We can look at how this operates for men specifically in Western societies. The clichéd idea that many men living in a feminism-affected culture feel confused about who they are as men takes on a rather different cast if we disown the idea of the desirability of gender certainty. From this angle, modern men are not so confused – or at least feeling confused is not their main problem.
Their problem is being afflicted with a gender certainty that is of no emotional use to them in their lives, and may be actually harmful to their potential. (When men’s movement leaders offer a certainty that seems to have been missing from the lives of men, they are unwittingly doing nothing more than bringing the unconscious gender certainty that was always there to the surface and reinforcing it. As that certainty came from the culture in the first place, there is nothing radical or scene-shifting about it at all.)

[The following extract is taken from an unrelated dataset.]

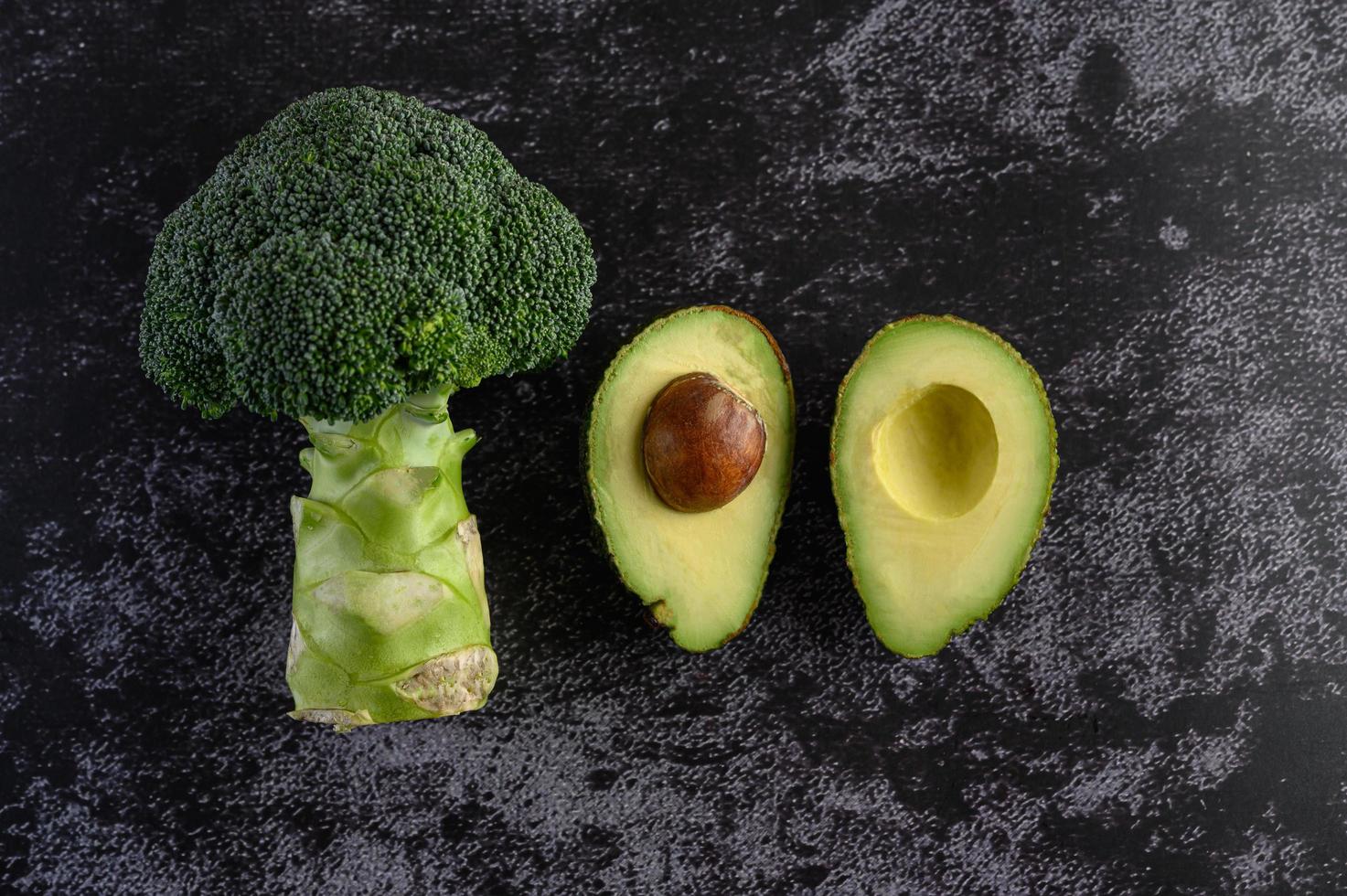 Brócoli y aguacate sobre fondo de piso de cemento negro foto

That’s enough on men. Now, the really interesting question is what to do with the feelings of gender confusion from which everyone suffers these days. It all becomes easier to live with if we replace the word ‘confusion’ with something that sounds more positive, like ‘non-binary’, ‘fluidity’ or ‘flexibility’ or even ‘androgyny’. But the word ‘confusion’ has merits because it comes closer to capturing what contemporary people feel about their gender identity.
In fact, gender confusion can contribute something valuable to political and social reform and change. If gender is a story we tell about ourselves that is half private and half public, it is also something upon which most polities have erected a welter of oppressive practices and regulations, mostly favouring men. Unfortunately, many Western governments may be turning back to a retrogressive form of gender politics fuelled by the certitudinous ‘family values’ of the past.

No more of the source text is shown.